_Assigned task_
Once the pictures are removed, restate the data below word for word.

[Records from a dataset]
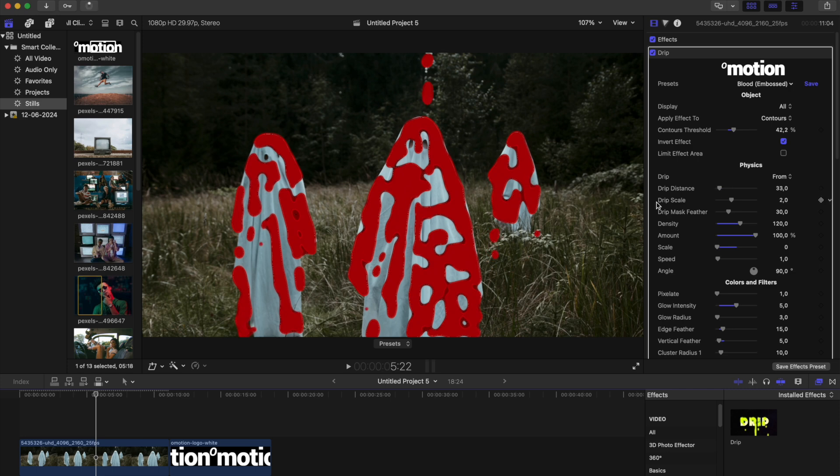It looks great, except for a couple of extra drops on top. To hide them, we will limit the area of effect.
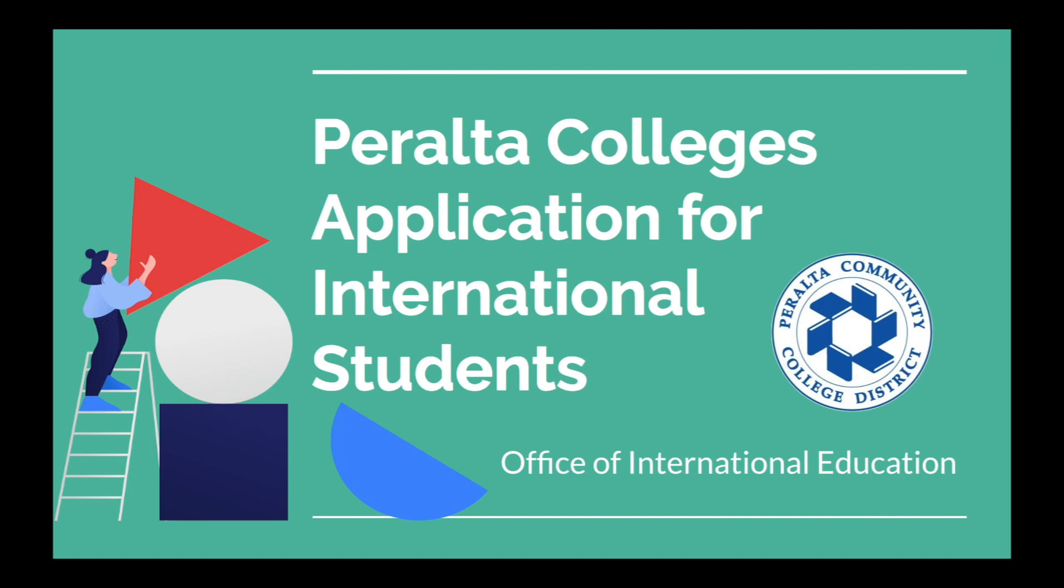Welcome to Peralta Community College District. This video is for international students applying for any of our four colleges. Let's begin!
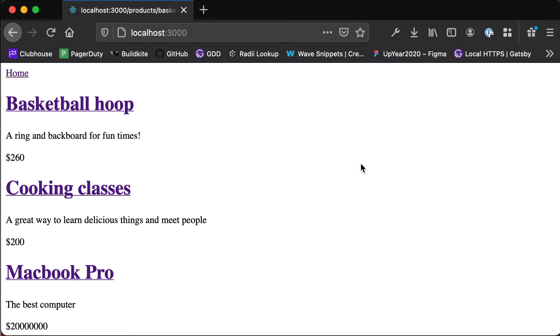Hello and welcome back to this video series where we're looking at building an e-commerce platform in 25 days using Next, Netlify, and Stripe.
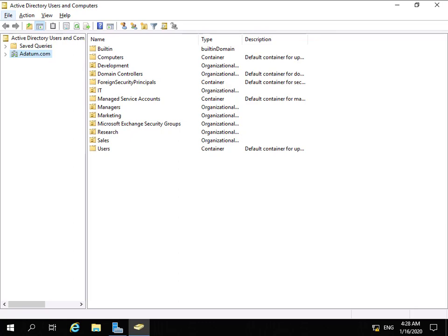The first thing we need to do is specify users that have the ability to create litigation holds, or as it's now called, in-place holds. So I've come up to my domain controller, to Active Directory Users and Computers.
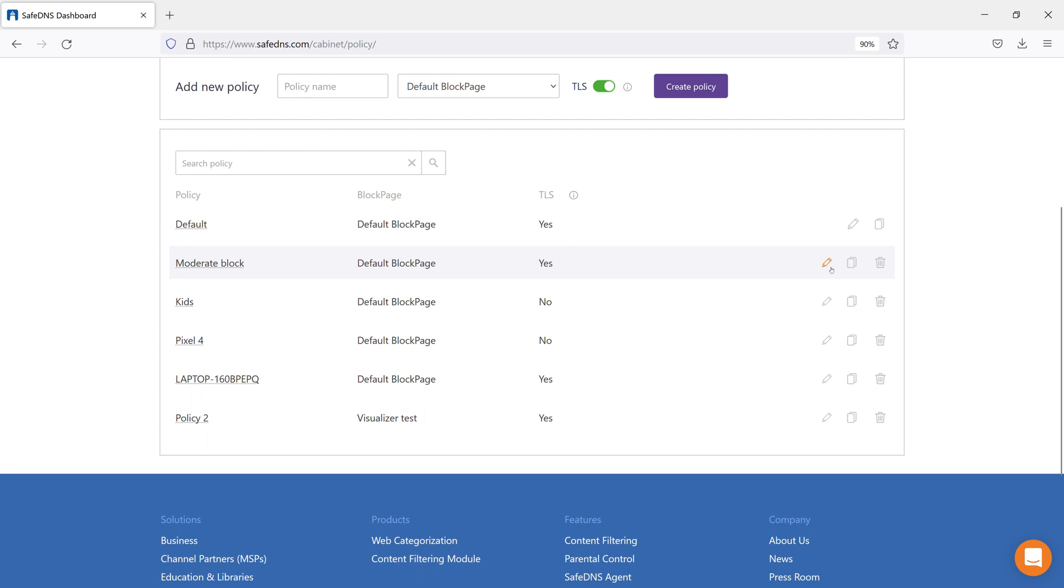That's all for the Policy tab. More information about filtering settings you can find in our Guide section under the tab Help.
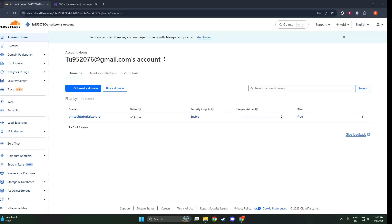In today's video, I'm going to teach you how to add a domain in Cloudflare. It's surprisingly straightforward, and I'll guide you through each step to ensure a smooth process. So, let's jump right in.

_Answer to the problem_
It looks great, except for a couple of extra drops on top. To hide them, we will limit the area of effect.
Welcome to Peralta Community College District. This video is for international students applying for any of our four colleges. Let's begin!
Hello and welcome back to this video series where we're looking at building an e-commerce platform in 25 days using Next, Netlify, and Stripe.
The first thing we need to do is specify users that have the ability to create litigation holds, or as it's now called, in-place holds. So I've come up to my domain controller, to Active Directory Users and Computers.
That's all for the Policy tab. More information about filtering settings you can find in our Guide section under the tab Help.
In today's video, I'm going to teach you how to add a domain in Cloudflare. It's surprisingly straightforward, and I'll guide you through each step to ensure a smooth process. So, let's jump right in.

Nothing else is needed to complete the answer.